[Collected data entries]
═══
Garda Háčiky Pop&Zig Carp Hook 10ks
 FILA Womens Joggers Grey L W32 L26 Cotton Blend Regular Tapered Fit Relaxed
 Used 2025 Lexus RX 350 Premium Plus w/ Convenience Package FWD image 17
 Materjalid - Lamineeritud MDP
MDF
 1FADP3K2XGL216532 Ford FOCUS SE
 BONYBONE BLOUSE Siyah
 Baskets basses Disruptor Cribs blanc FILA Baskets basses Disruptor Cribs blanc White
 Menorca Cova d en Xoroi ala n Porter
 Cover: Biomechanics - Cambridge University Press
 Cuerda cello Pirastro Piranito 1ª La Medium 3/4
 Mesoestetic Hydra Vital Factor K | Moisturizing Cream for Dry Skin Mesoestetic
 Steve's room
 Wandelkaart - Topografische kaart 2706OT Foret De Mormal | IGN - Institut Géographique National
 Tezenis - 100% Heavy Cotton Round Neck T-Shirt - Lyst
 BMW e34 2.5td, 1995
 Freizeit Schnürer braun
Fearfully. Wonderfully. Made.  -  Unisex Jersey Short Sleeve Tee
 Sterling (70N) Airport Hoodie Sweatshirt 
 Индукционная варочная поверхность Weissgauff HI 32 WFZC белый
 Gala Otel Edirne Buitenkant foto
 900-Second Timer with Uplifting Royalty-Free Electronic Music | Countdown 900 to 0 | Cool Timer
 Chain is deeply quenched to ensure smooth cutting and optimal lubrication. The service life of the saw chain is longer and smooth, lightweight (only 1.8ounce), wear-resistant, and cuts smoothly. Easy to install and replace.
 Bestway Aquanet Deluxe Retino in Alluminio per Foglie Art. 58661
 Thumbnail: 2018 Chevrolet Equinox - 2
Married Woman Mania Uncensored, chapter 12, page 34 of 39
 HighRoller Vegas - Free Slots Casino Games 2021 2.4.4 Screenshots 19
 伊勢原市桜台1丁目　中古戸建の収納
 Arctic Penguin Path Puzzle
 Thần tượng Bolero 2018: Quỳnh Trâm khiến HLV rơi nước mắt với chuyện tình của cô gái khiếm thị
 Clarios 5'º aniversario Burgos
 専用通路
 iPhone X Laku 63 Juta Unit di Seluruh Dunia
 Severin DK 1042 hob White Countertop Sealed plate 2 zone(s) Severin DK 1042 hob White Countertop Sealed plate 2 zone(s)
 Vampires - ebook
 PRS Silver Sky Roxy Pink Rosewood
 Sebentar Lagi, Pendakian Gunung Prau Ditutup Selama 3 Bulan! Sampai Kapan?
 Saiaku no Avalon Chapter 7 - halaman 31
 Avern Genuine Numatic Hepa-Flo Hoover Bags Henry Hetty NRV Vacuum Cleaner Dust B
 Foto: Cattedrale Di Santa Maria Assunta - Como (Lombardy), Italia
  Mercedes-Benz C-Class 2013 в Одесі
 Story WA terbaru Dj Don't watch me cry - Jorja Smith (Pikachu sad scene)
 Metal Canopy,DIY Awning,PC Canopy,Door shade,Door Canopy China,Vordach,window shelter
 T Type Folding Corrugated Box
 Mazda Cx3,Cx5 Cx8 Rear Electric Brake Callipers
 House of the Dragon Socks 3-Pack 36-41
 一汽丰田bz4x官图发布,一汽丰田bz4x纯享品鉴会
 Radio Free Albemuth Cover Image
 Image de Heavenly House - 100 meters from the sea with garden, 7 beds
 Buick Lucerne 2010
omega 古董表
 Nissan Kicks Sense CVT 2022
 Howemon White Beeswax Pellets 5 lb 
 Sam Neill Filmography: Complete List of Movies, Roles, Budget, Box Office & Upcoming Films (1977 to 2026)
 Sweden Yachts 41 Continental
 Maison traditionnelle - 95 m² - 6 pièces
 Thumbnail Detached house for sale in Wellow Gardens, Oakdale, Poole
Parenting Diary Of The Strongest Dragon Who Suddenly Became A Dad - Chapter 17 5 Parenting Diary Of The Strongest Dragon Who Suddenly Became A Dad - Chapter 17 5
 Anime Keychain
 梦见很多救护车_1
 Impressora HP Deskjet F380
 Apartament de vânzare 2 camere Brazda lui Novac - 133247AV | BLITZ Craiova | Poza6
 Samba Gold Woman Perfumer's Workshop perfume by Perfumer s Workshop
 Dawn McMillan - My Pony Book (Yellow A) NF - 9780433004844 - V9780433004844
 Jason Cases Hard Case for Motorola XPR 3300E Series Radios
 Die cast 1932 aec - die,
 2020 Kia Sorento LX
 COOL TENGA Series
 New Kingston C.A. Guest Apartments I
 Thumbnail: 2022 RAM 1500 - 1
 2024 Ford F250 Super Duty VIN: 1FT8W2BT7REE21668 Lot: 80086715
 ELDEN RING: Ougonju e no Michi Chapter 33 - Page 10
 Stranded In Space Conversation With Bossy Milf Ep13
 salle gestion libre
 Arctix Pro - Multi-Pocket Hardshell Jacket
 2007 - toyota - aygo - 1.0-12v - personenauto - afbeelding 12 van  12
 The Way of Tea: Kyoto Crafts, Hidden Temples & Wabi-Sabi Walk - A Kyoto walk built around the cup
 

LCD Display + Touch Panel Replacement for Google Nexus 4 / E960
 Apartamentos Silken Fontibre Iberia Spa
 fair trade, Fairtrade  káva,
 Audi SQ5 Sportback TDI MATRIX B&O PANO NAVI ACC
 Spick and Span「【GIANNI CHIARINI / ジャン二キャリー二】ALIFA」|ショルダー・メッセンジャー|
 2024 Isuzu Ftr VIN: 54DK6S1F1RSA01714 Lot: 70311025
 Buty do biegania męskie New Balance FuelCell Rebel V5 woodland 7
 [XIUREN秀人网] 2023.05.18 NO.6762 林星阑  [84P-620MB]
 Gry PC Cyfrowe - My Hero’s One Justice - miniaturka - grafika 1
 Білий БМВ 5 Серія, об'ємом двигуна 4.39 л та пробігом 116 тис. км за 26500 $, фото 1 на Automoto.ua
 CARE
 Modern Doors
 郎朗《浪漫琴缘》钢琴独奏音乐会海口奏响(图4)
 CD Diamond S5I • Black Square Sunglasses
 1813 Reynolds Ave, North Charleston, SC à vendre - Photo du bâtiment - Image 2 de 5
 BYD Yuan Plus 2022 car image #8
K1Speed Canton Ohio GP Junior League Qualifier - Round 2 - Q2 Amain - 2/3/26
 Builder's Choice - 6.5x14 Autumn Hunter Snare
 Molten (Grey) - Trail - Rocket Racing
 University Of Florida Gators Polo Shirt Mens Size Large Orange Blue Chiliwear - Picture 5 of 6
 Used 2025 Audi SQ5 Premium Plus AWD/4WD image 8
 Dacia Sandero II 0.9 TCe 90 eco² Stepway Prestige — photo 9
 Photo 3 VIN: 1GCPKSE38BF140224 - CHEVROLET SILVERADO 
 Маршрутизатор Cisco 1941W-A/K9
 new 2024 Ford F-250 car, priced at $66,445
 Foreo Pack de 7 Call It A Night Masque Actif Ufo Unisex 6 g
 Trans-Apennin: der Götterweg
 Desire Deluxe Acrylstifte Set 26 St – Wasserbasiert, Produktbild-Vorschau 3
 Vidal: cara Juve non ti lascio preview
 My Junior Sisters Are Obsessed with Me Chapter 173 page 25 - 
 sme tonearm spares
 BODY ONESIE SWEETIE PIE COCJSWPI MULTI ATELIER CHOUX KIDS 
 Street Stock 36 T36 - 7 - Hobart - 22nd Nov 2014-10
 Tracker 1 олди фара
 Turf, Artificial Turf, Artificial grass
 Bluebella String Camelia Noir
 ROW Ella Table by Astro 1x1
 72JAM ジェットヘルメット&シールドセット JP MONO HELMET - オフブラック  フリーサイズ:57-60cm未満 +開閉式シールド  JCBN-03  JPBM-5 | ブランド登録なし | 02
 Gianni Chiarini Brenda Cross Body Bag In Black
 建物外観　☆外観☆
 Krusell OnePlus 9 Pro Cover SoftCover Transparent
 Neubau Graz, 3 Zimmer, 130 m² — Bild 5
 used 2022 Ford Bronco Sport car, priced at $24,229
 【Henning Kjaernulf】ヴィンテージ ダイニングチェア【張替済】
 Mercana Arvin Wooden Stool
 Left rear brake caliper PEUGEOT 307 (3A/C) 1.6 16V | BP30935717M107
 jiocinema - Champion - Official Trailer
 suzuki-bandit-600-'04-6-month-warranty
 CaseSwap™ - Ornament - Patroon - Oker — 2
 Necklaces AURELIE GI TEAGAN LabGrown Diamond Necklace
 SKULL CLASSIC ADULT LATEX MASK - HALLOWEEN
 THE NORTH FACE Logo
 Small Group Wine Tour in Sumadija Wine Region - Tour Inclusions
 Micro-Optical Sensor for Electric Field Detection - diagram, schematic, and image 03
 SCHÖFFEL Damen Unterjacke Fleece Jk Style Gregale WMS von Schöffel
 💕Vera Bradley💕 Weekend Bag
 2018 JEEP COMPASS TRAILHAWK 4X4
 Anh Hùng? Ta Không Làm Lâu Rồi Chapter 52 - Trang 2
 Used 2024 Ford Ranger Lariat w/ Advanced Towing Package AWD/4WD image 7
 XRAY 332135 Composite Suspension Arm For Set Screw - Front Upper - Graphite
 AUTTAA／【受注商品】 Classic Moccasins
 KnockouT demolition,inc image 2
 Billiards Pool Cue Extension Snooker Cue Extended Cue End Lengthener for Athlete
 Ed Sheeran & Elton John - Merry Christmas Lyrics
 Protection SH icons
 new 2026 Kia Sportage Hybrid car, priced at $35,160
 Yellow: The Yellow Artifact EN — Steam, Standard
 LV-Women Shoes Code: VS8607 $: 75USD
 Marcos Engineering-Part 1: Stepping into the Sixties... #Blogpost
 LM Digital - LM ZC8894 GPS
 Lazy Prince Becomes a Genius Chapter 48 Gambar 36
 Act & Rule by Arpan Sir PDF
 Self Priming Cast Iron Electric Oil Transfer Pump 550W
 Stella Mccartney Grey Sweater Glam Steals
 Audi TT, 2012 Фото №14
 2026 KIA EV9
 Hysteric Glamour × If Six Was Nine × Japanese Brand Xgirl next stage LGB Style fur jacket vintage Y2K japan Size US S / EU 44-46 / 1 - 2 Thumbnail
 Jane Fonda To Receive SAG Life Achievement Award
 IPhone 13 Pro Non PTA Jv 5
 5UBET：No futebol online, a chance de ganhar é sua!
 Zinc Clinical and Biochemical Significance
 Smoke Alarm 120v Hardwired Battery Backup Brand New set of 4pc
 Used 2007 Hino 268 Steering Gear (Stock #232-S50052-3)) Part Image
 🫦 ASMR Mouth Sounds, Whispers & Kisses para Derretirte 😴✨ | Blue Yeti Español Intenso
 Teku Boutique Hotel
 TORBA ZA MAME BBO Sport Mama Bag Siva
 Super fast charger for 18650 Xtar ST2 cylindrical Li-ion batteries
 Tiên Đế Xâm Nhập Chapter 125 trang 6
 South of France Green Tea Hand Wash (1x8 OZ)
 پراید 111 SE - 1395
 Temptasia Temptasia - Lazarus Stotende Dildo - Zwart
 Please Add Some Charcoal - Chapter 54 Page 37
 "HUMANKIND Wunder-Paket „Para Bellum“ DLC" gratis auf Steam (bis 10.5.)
═══
__Exercise details__: Would you print exactly, and only, the lines of the data above from the line with "Audi TT, 2012 Фото №14" through the line with "5UBET：No futebol online, a", inclusive?

__The answer__:
 Audi TT, 2012 Фото №14
 2026 KIA EV9
 Hysteric Glamour × If Six Was Nine × Japanese Brand Xgirl next stage LGB Style fur jacket vintage Y2K japan Size US S / EU 44-46 / 1 - 2 Thumbnail
 Jane Fonda To Receive SAG Life Achievement Award
 IPhone 13 Pro Non PTA Jv 5
 5UBET：No futebol online, a chance de ganhar é sua!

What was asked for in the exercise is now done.